== Provided data

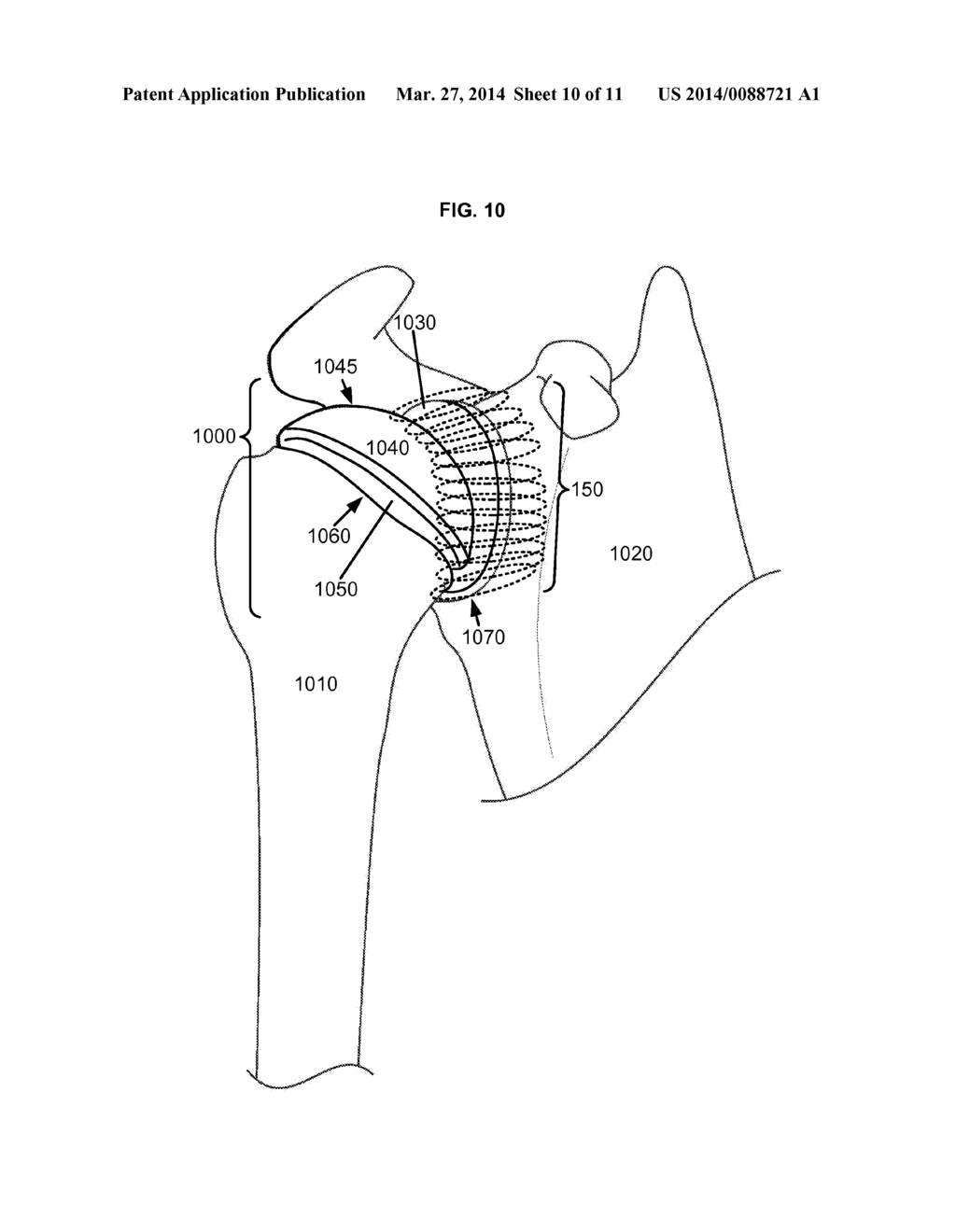 ARTIFICIAL JOINT COMPONENTS INCLUDING INTEGRAL MAGNETIC FIELDS CONFIGURED     TO DEFLECT WEAR DEBRIS PARTICLES - diagram, schematic, and image 11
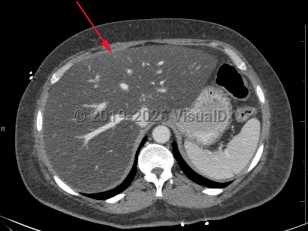 Metabolic dysfunction-associated steatotic liver disease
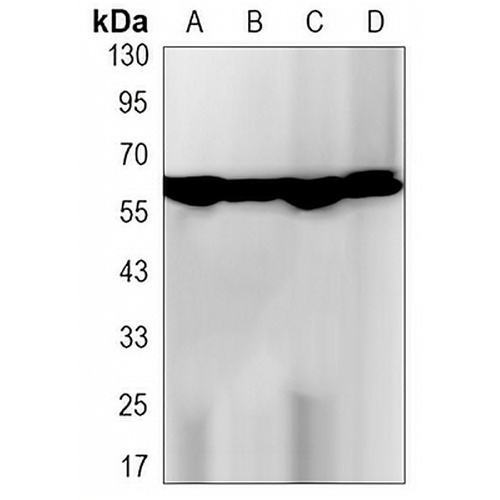 Catalase Rabbit Monoclonal Antibody(C3131)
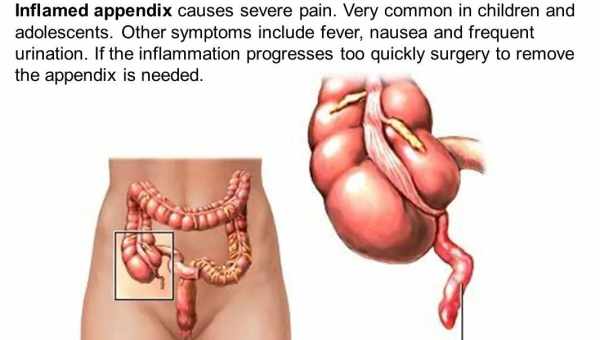 Воспаление аппендикса — причины, как избежать осложнений. Симптомы и методы лечения воспаления аппендикса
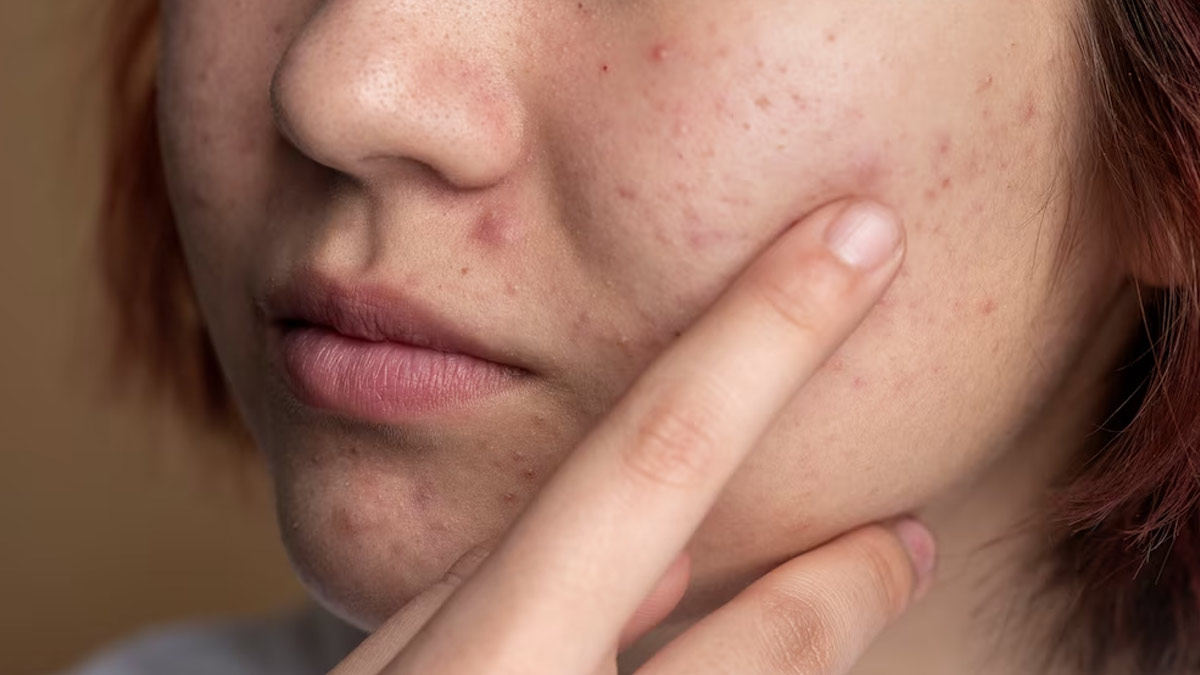 Tired Of Finding the Right Product To Combat Acne? Here’re 6 Skincare Ingredients To Look For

====

Quote the entries in full. Any image among them is to be omitted from the copy.

 ARTIFICIAL JOINT COMPONENTS INCLUDING INTEGRAL MAGNETIC FIELDS CONFIGURED     TO DEFLECT WEAR DEBRIS PARTICLES - diagram, schematic, and image 11
 Metabolic dysfunction-associated steatotic liver disease
 Catalase Rabbit Monoclonal Antibody(C3131)
 Воспаление аппендикса — причины, как избежать осложнений. Симптомы и методы лечения воспаления аппендикса
 Tired Of Finding the Right Product To Combat Acne? Here’re 6 Skincare Ingredients To Look For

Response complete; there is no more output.